• EXERCISE AIM: From the listing below, output the lines between the one with "Mercedes-Benz CLK - 3.2 CLK320 Elegance 2dr" and the one with "Sandalias para Niños", including those two, and nothing else. Pictures are not copied.

• RECORDS SHOWN:
==========
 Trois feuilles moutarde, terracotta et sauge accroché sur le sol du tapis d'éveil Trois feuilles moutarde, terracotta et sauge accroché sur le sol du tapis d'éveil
==========
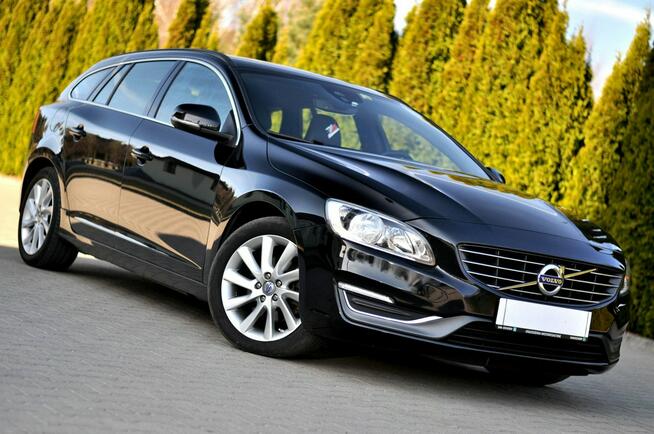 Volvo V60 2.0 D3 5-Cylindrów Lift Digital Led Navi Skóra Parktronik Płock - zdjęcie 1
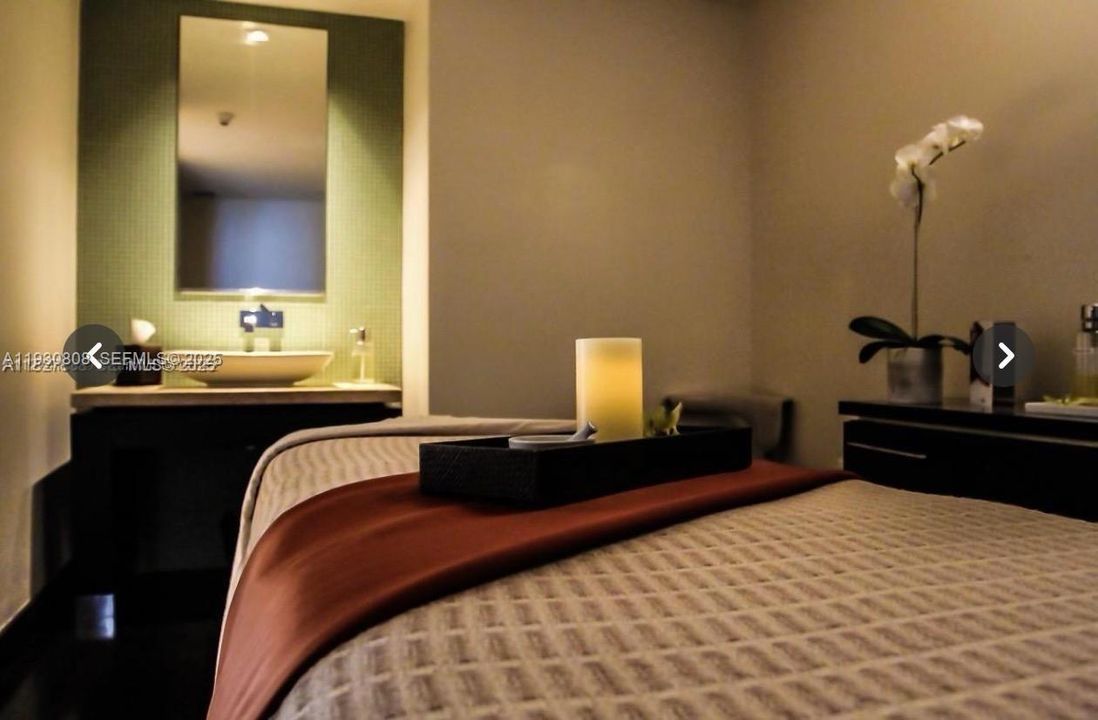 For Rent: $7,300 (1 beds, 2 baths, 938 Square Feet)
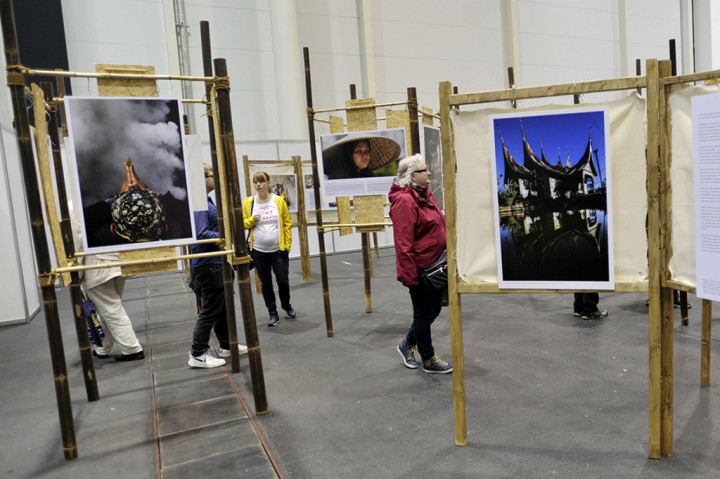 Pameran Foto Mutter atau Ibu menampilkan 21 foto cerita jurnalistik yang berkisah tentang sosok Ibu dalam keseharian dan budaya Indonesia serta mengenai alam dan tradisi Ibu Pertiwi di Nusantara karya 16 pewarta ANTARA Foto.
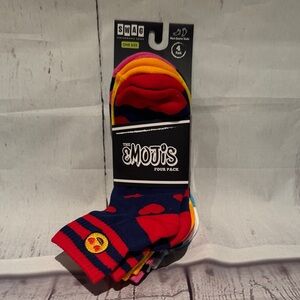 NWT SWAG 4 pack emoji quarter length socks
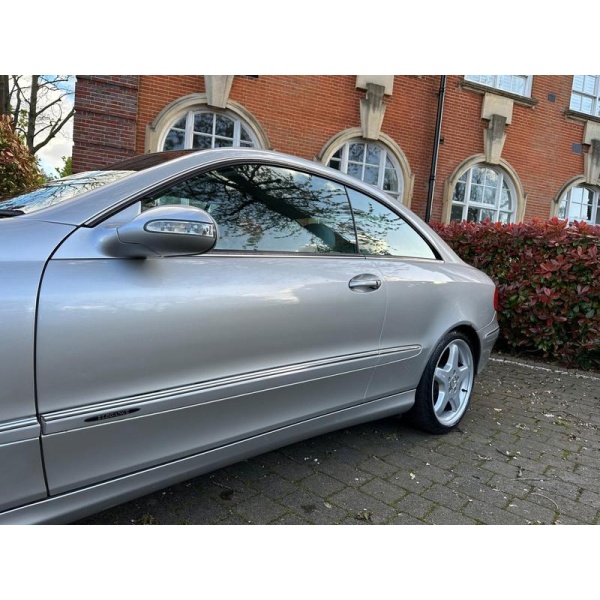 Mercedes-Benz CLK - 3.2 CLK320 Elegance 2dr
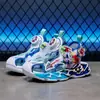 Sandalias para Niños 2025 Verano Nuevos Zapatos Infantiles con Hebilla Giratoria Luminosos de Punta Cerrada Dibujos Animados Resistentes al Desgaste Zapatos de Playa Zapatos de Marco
==========
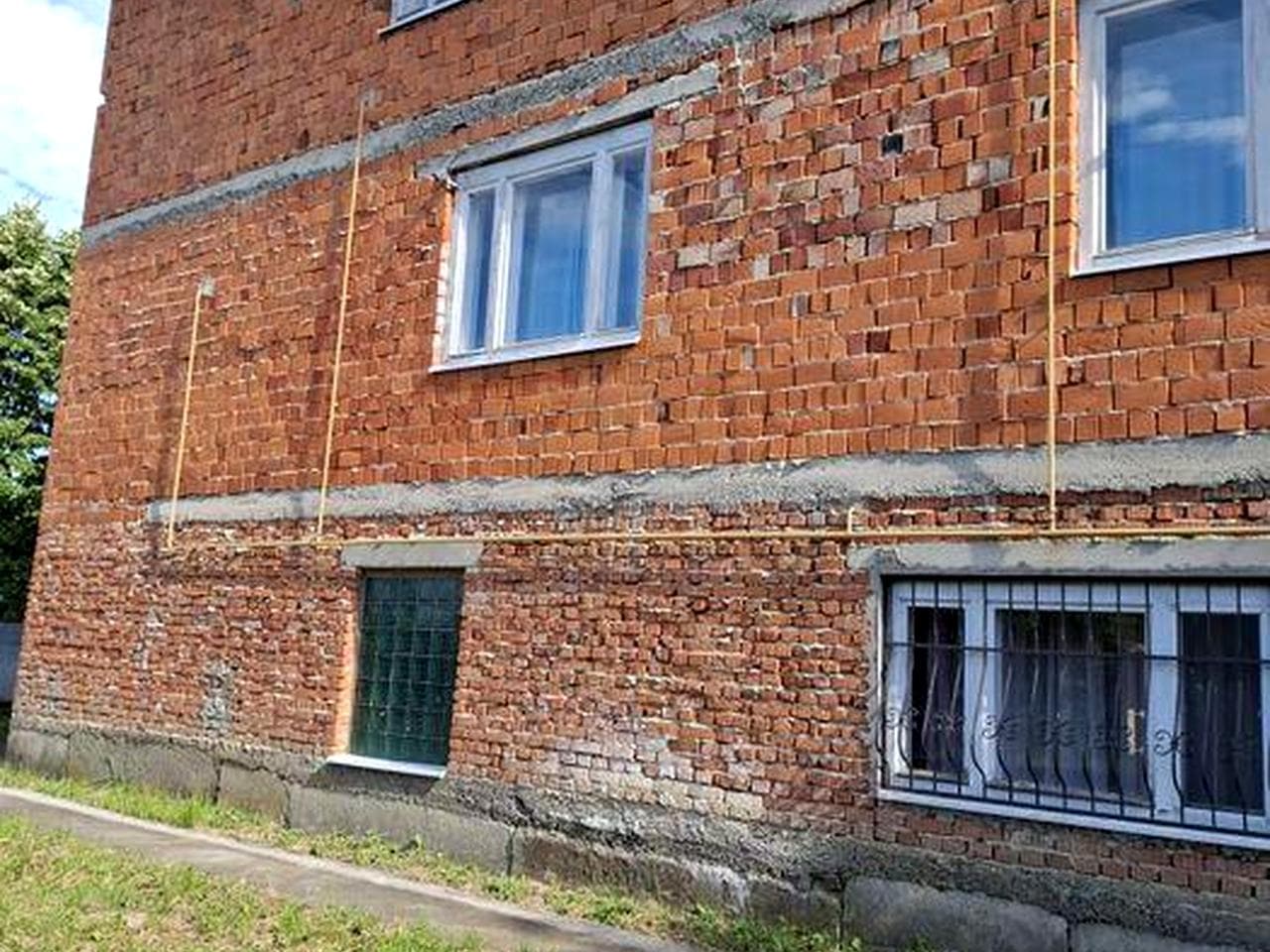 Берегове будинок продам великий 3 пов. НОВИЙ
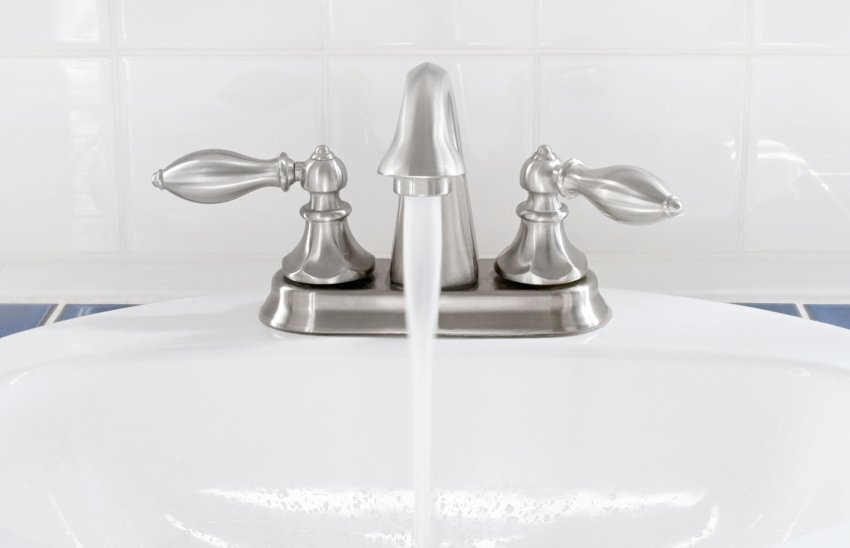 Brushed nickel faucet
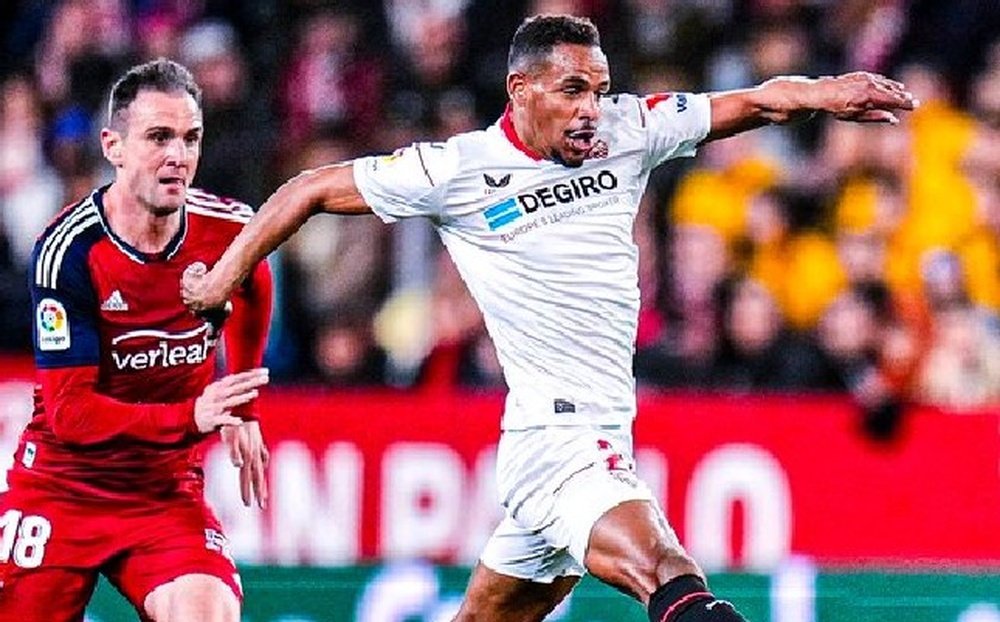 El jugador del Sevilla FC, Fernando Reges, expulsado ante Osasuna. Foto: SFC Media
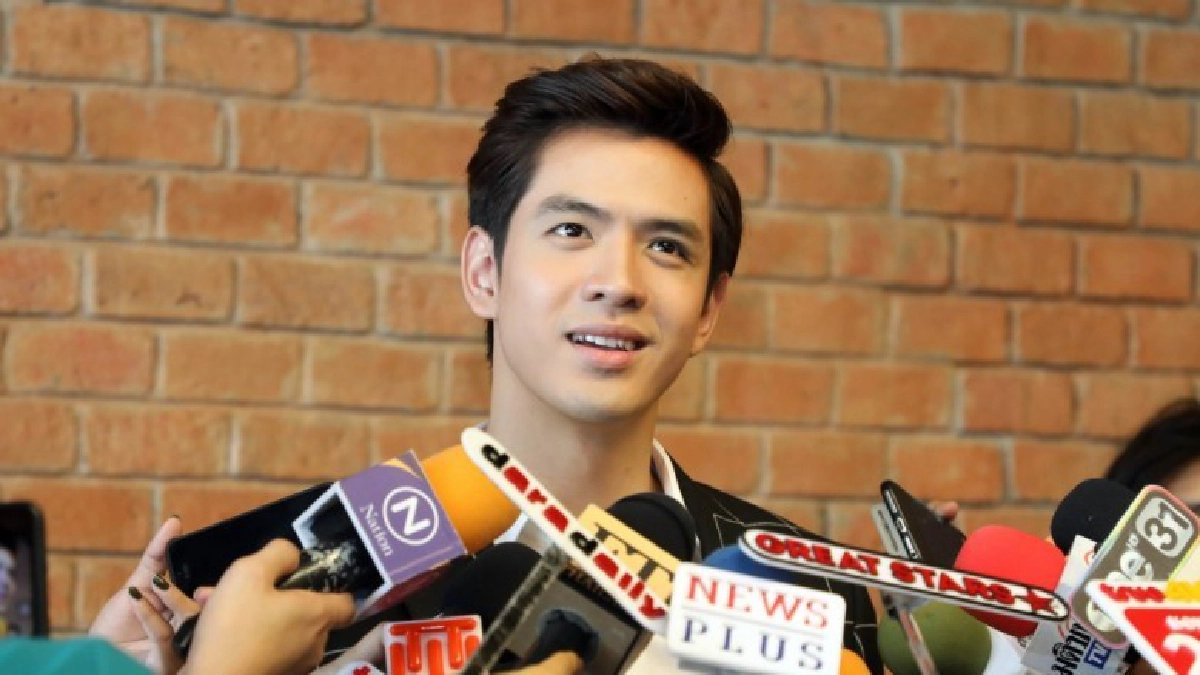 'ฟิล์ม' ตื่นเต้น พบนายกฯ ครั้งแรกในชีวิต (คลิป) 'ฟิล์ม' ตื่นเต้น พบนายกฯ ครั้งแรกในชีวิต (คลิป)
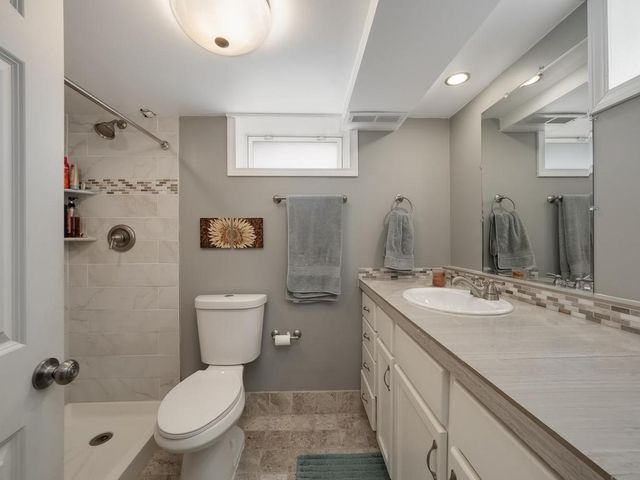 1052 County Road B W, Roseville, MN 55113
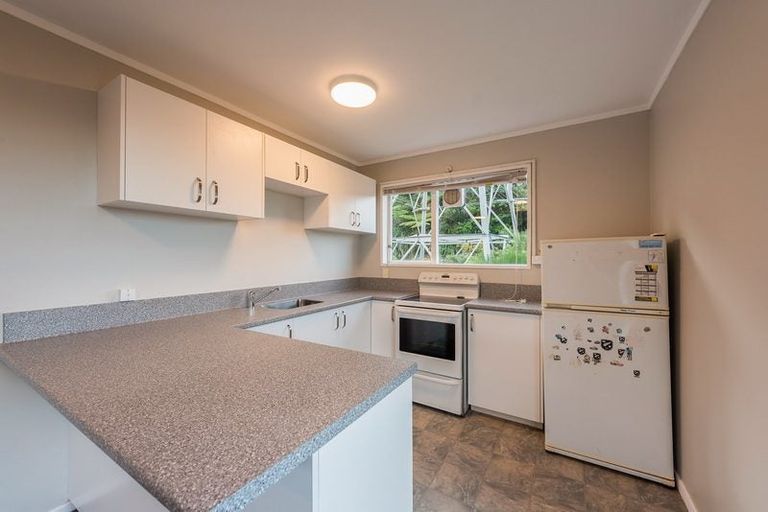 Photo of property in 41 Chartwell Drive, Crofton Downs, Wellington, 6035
==========
• PROBLEM SOLUTION:
 Mercedes-Benz CLK - 3.2 CLK320 Elegance 2dr
 Sandalias para Niños 2025 Verano Nuevos Zapatos Infantiles con Hebilla Giratoria Luminosos de Punta Cerrada Dibujos Animados Resistentes al Desgaste Zapatos de Playa Zapatos de Marco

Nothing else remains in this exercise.